Strahlkraft des Weltjugendtages hat viele Gründe

Prälat Hermann Scheipers im Gespräch mit Jugendlichen aus aller Welt über Glaubenszeugen aus dem Bistum Dresden-Meißen


Hermann Scheipers bei einem Besuch 2003 in Dresden
„Wir Christen wollen keinem anderen Stern als dem von Bethlehem folgen“, diese öffentlich ausgesprochene Botschaft von Joachim Kardinal Meisner (damals als Bischof in Ost-Berlin) am 12. Juli 1987 während des Festgottesdienstes beim ersten Katholikentreffen in Dresden war mutig. Jeder Teilnehmer verstand sofort die damit verbundene deutliche Anspielung auf den Roten Stern in Moskau. Der spontane öffentliche Beifall überraschte die Besuchergruppe aus dem Kreisdekanat Steinfurt, die überhaupt nur mit sehr viel List die politischen Hürden überwinden und als einzige Gruppe aus der Bundesrepublik an diesem einmaligen Glaubensfest und der sehr herzlichen Begegnung inoffiziell teilnehmen konnte. „Gottes Macht – unsere Hoffnung“ lautete das Motto des Katholikentreffens - und derartige erfrischende wie wortgewandte Anspielungen ähnlicher Art wie die von Kardinal Meisner gab es viele in Dresden: Die tief beeindruckende Exodusfeier der Jugend stand damit unter dem Leitwort: Der symbolisch gemeinte Auszug der Israeliten durch das Rote Meer als Aufbruch für ein erwünschtes Heilsereignis. Die damit verbundenen Erniedrigungen und langjährigen Entbehrungen in der Wüste, um in die Freiheit zu gelangen, konnten so indirekt angesprochen werden und jeder verstand die zentralen Aussagen sofort. Pfarrer Hermann Scheipers, der viele Jahre als Seelsorger in seinem Heimatbistum Dresden-Meißen tätig war und von der Stasi bedrängt und verfolgt wurde, war der einzige Priester aus dem Westen, der an diesem Abend vor der Dresdener Kathedrale und großem Publikum sprechen durfte.
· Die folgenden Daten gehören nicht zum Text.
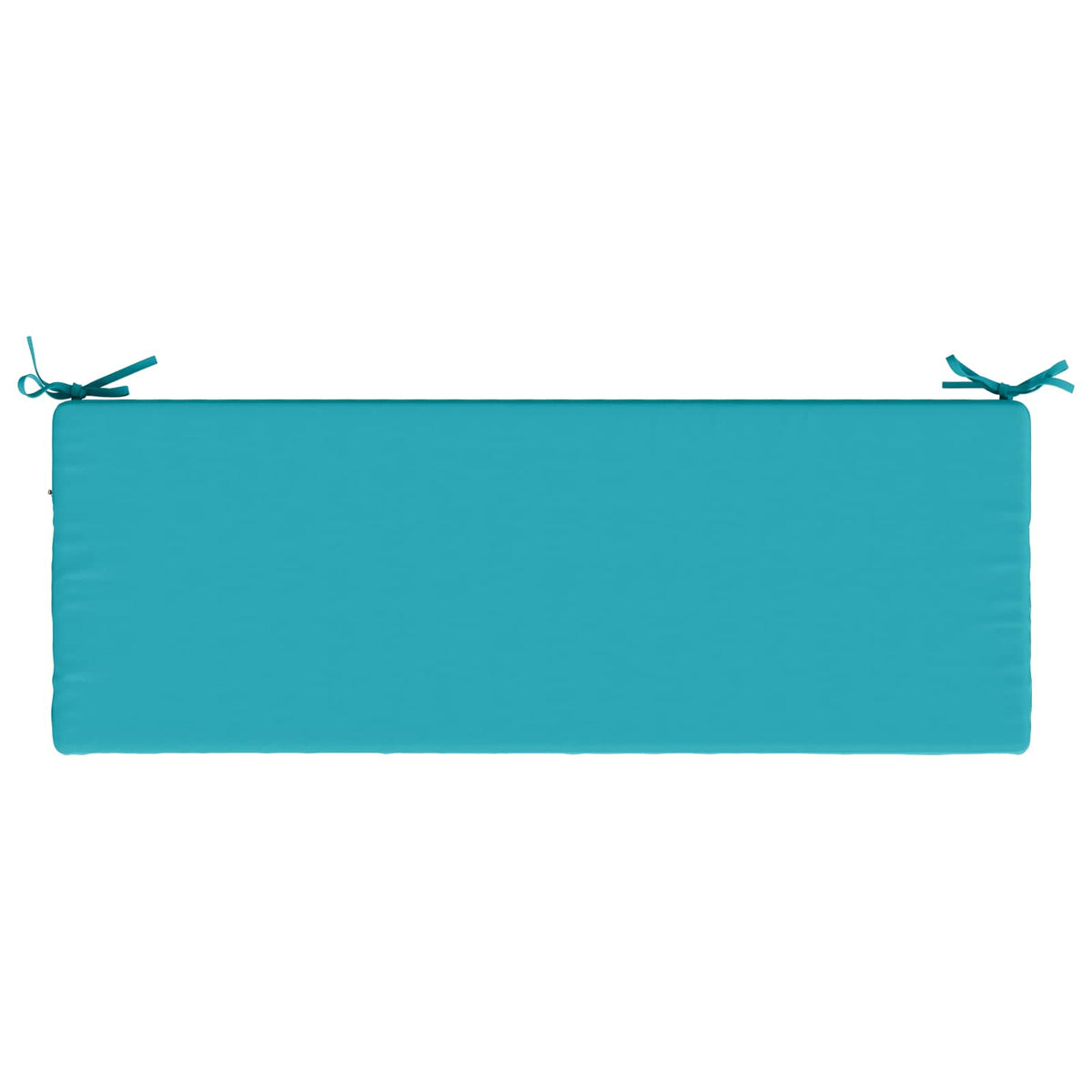 Bench Cushion SOEST 100% Polyester Turquoise 120 x 40 x 8 cm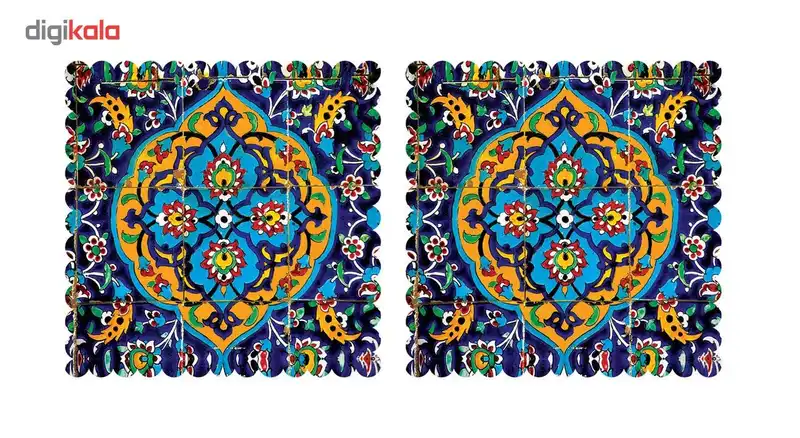 رومیزی رنس مدل T3-42016 سایز 40x40 سانتی متر مجموعه 2 عددی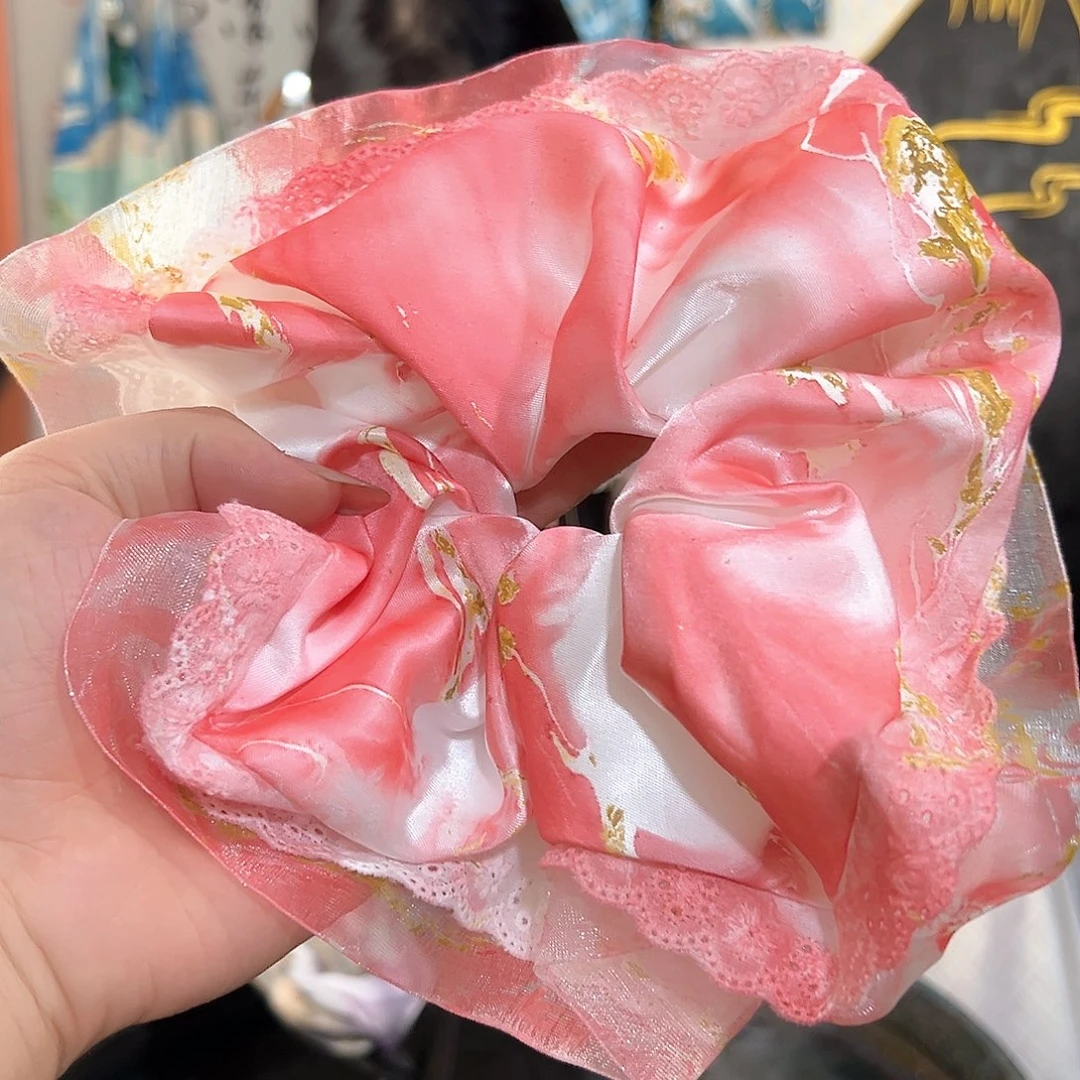 安**静377大蕾丝发圈手作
Einzelne Parallelen drängen sich jetzt beim Weltjugendtag auf, auch wenn die politische Landschaft sich stark verändert hat. Der Stern von Bethlehem ist nach wie vor das weltweit bekannte Symbol für die drei Heiligen Könige, deren Reliquienschein im Kölner Dom verehrt wird und ein wichtiges Ziel der Domwallfahrt aller Weltjugendtagsteilnehmer ist. Die damit verbundene Wegweisung, Gefolgschaft und Strahlkraft trifft diesmal Jugendliche aus aller Welt, wie es die freudige Stimmung auf dem beeindruckenden Glaubensfest und Ort der herzlichen Begegnung in Köln vermittelt.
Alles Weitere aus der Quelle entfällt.